Academic dishonesty (was "Apologies and responsibility")

M.Clifford Aisbelmon at hotmail.com
Sat Sep 3 10:06:16 UTC 2005


No: HPFGUIDX 139421


> bboyminn:
> it would be more than fair for
> a student to bring additional reference information into class to
> perform a Physics or Chemistry experiment and I think that same thing
> can be applied to Potions, as long as, he isn't required to write up
> the experiment afterwards. Then, as I already pointed out, he has some
> obligation to cite additional reference material. But not doing so, is
> merely an oversight, it hardly constitutes cheating or plagiarism.
> 
> Just a thought.
> 
> Steve/bboyminn

Valky:
I wonder if I could add yet another angle of perspective to this
interesting thread. :D 
I confess I rarely have a problem with Harry's rulebreaking, mostly
because the WW society has IMO a real set of issues in terms of
justice anyway, most of the laws and rules Harry (and all Wizardom)
lives under are simply unreliable and the unfortunate mark of a
damaged, crumbling and wartorn society. Besides I am Australian, that
speaks for itself, at least to other Aussies <g>. The state of things
 can only be made better by someone with the guts to fight for a fair
go. Harry is usually acting upon his deepest sense of fairness,
compassion and courage, so he's all right by me.

That isn't the angle that I am proposing to be considered here,
though. That would be the following. I submit that if we are comparing
Potions practice to Chemistry practice then there is an important
measure in the practice of Chemistry that we haven't looked at. 
In a practical Chemistry lesson, you are graded on certain aspects of
your work. Two of these are your accuracy and precision, which as
Merrylinks said earlier, are the important components of a practical
outcome in Sciences, the results.  

Harry uses a set of instructions to carry out potion making, putting
aside that it is a different set of instructions to the other children
in the class, lets consider Harrys ability to follow those
instructions, which is one of the major requirements in the Potions
class, I think we have in canon. Harry may have separate notations to
the other class members, however he still must translate those
instructions into manual precision, and accurately manifest the
written instructions into real life potion.

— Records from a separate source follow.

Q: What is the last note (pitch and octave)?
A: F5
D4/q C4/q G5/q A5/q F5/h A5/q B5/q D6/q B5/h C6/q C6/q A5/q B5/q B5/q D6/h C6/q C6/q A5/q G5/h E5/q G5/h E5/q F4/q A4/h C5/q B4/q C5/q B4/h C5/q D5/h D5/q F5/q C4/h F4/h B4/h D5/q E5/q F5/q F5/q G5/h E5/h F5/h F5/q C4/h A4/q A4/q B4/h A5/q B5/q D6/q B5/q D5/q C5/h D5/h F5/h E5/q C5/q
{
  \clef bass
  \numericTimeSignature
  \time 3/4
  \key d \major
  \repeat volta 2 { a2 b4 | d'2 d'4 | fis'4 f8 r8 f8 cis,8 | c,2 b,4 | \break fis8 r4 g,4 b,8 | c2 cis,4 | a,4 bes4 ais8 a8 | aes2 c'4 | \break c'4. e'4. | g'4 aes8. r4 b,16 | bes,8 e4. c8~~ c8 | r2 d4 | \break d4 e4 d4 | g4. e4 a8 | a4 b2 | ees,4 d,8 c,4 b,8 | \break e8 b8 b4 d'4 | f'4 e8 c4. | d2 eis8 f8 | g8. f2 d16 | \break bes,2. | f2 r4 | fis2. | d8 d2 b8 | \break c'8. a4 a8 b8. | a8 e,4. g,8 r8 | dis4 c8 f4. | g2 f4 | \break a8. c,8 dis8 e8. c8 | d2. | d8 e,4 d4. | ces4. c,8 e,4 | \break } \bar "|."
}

Without these things, it
is highly unlikely that any set of instructions would make any
difference. If we are still yet comparing this with a chemistry prac
then Harry's skills are most definitely in credit. The fact that Harry
can recreate a perfect potion from these instructions, might not be
such an insignificant deal. Consider. Why are the other students in
the class all not at the precise same stage of the potion as each
other? They are following the same instructions. Hence the reasoning
that none of Harry's own skill is on display in his well made potions
is to imply that everyone in the class was using a different set of
instructions, and Ron was just making it up out of his head, lol. The
fact is Harry is a highly skilled potions maker, Snapes notations did
not control his hands his eyes and his ability to discern the stage of
the potion using his own senses. Those things he did himself. 

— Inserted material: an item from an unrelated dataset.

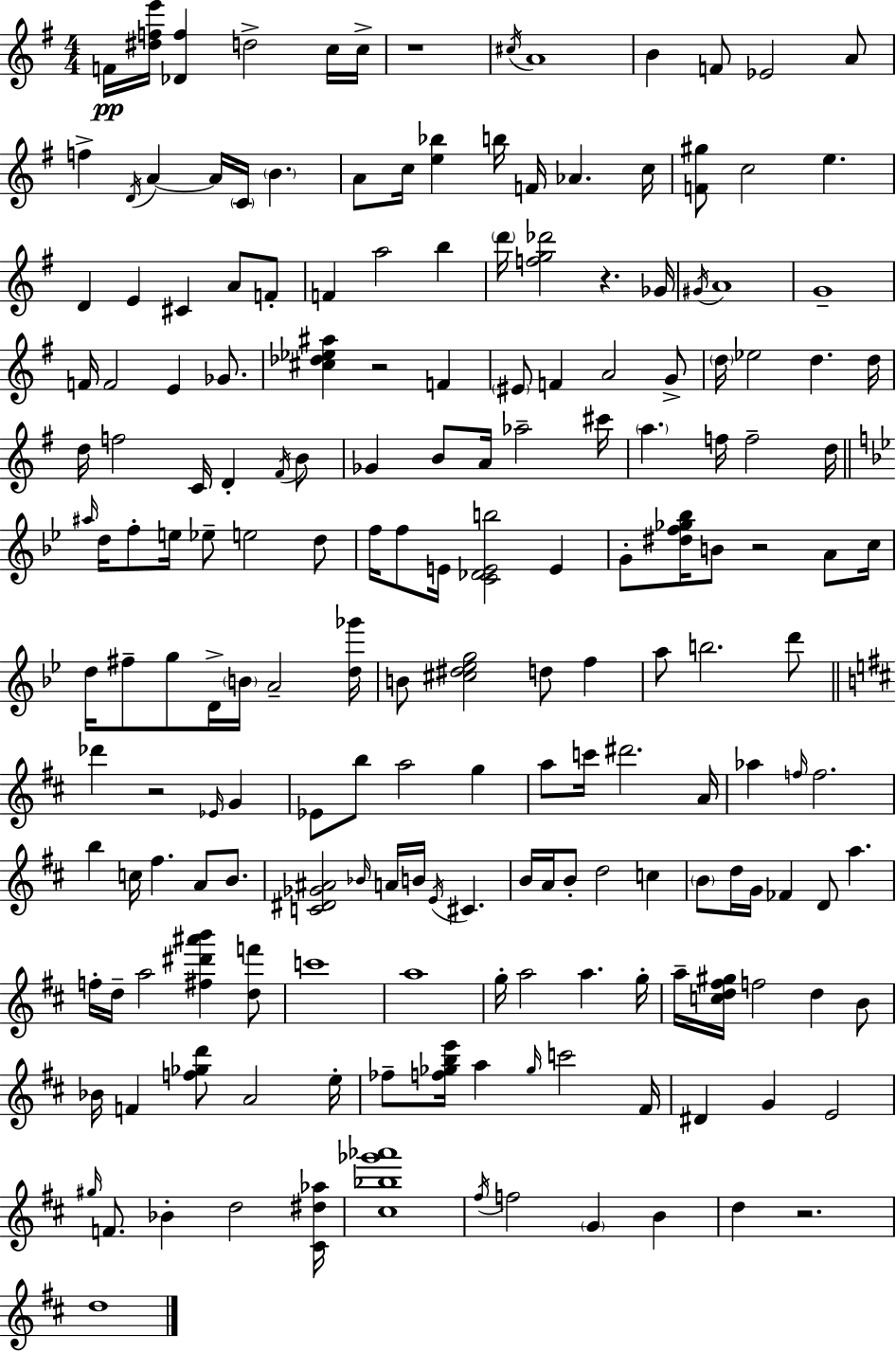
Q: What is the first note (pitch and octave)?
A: F4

I'd like to add another thought to this. I wonder if the Potion
Recipes in Snapes textbook are the same recipes that he would have
been casting onto his blackboard for the class to follow, had he been
a NEWT potions master. If it were the case, then it is possible that
Hary's potions performance in HBP is actually representative of what
he would always have been capable of with Snape lessons but no actual
Snape in the room sabotaging him every few minutes. I think this might
be a Theory, you know, even Hermione didn't do all so well as usual
without Snape as her teacher, I noticed.